He worked closely with the late Desmond Greaves, editor of the association’s monthly paper the Irish Democrat, and edited some issues of the paper in Greaves’s absence.

He became widely known and respected in the Irish community in Britain and in British labour circles and organised numerous lobbies of MPs at the House of Commons on discrimination issues in the North.

Because of his work Redmond may be considered as one the progenitors of the Northern Ireland Civil Rights Movement which led the way in ending unionist hegemony in the North.

His efforts were instrumental in impelling the Harold Wilson-led Labour government that took office in 1964 to pressurise Terence O’Neill’s government to end discriminatory practices affecting the nationalist population of the North.

Further pressure came from within the North itself when the civil rights movement emerged in the late 1960s.

Redmond was born in Dublin in 1936. He was the son of Seán and May Redmond.

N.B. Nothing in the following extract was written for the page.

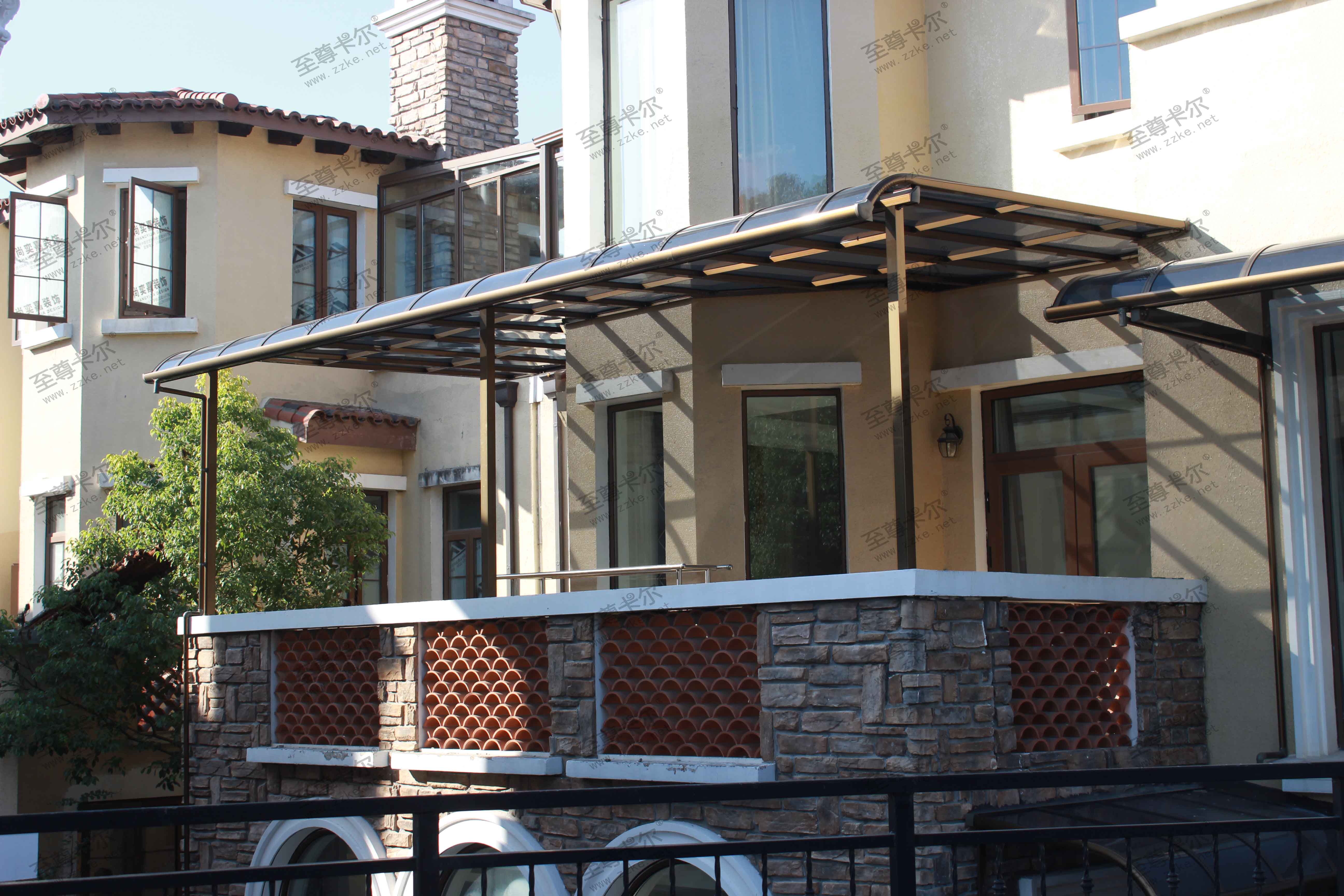 2020年你還在用膜結(jié)構(gòu)遮陽雨棚？過時的膜結(jié)構(gòu)雨棚已被淘汰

He and his brother Tom emigrated to London in 1956 where their parents also lived for some years.

Redmond returned to Dublin in 1973 and became an organiser for the Local Government and Public Services Union (LGPSU). He later transferred to the Irish Municipal Employees Trade Union, of which he became general secretary. Following the merger with the LGPSU to form the Irish Municipal, Public and Civil Trade Union (Impact) he was appointed national secretary.

Redmond was a conscientious and hard-working trade union official respected for his political shrewdness, good sense and political and industrial experience. These qualities stood him in good stead in his work on behalf of members, including firefighters, refuse workers and maintenance fitters.

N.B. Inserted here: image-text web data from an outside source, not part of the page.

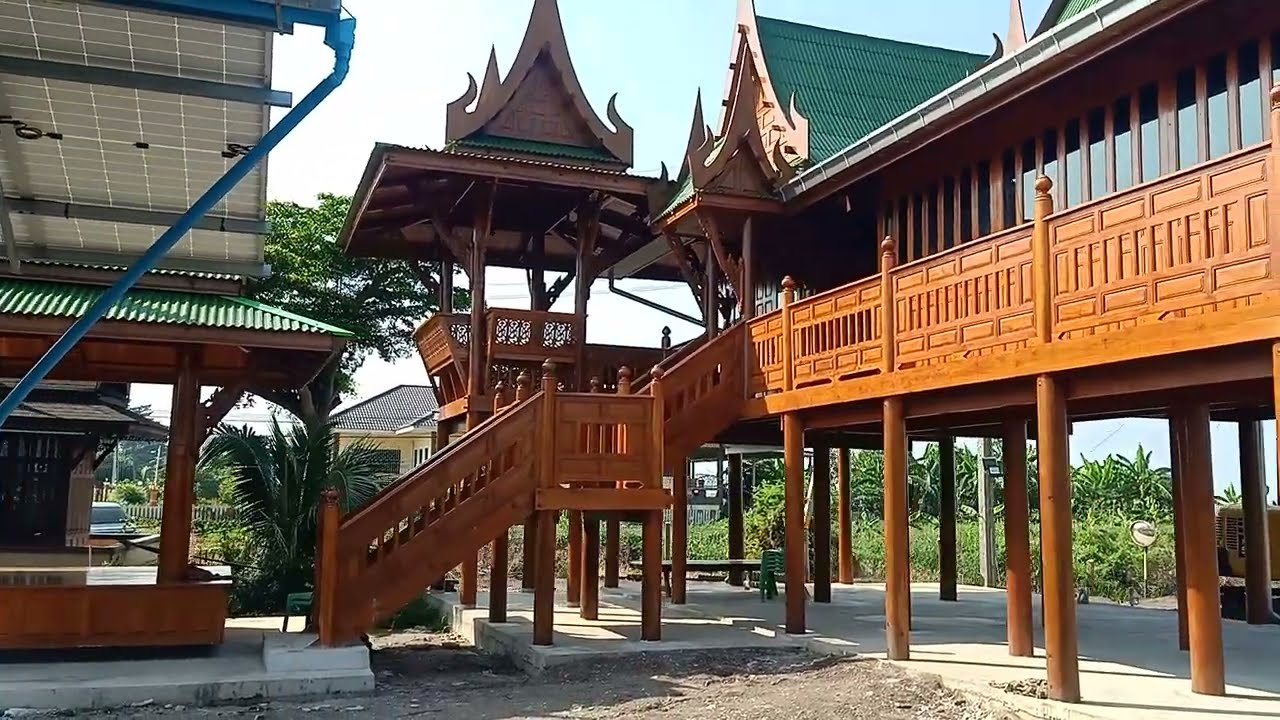 บ้านทรงไทยอำเภอเสนา จ.อยุธยา ขนาด12×6พื้นที่บ้าน72ตรม.ซู้มศาลา2.5×2.5. ทรวไทยรูปตัวL.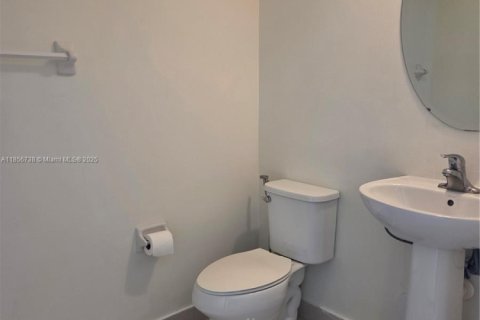Townhouse in Doral, Florida 3 bedrooms, 165.09 sq.m. № 1887304 - photo 12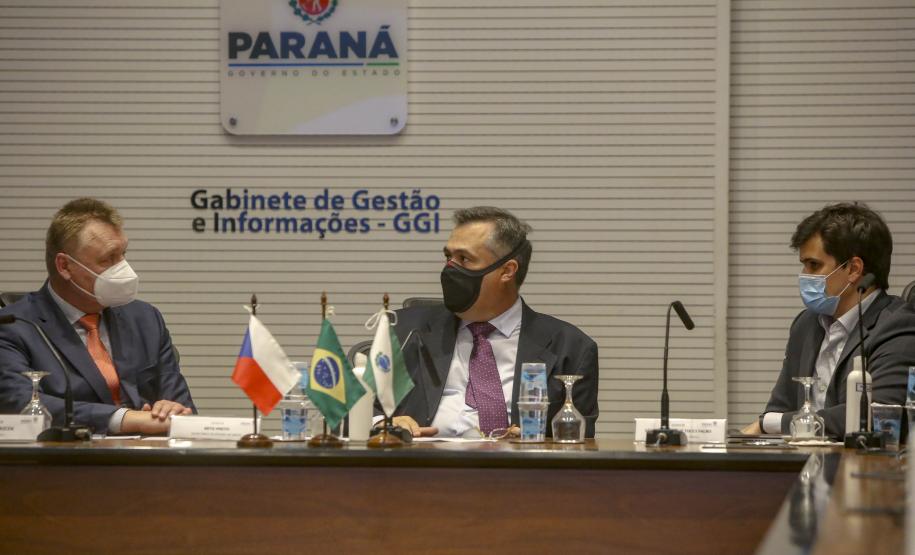 Saúde recebe doação de camas hospitalares de empresa tcheca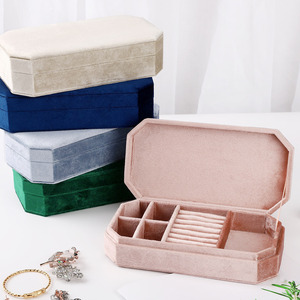 Factory Elegant Velvet Jewelry Storage <b>Box</b> Travel Portable Vintage Octagonal Jewelry Storage <b>Box</b> for <b>Rings</b> Pendants Necklaces - Product Image 1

He remained focused on the national question and helped establish the group Trade Unionists for Irish Unity and Independence and also was associated with the Reclaim the Spirit of Easter 1916 Committee.

‘Working-class Dublin’

He was a founder member of the Irish Council for Civil Liberties and active member of the Irish Anti-Apartheid Movement. He was also a former member of the Labour Party administrative council.

He had a keen interest in history and his book The Irish Municipal Employees Trade Union 1883-1983 was published to mark the union’s centenary. Eugene McEldowney in this newspaper described it as exciting and interesting, providing a “vivid picture of the conditions prevalent in working-class Dublin in the ‘rare oul times’ of the union’s foundation”.

More recently he had been working on a study of successive solidarity movements with the Irish cause in Britain, which he had virtually completed before he fell ill.

His wife Susan, son Seán Ellery, daughter-in-law Jessica and granddaughter Hannah Saoirse survive him.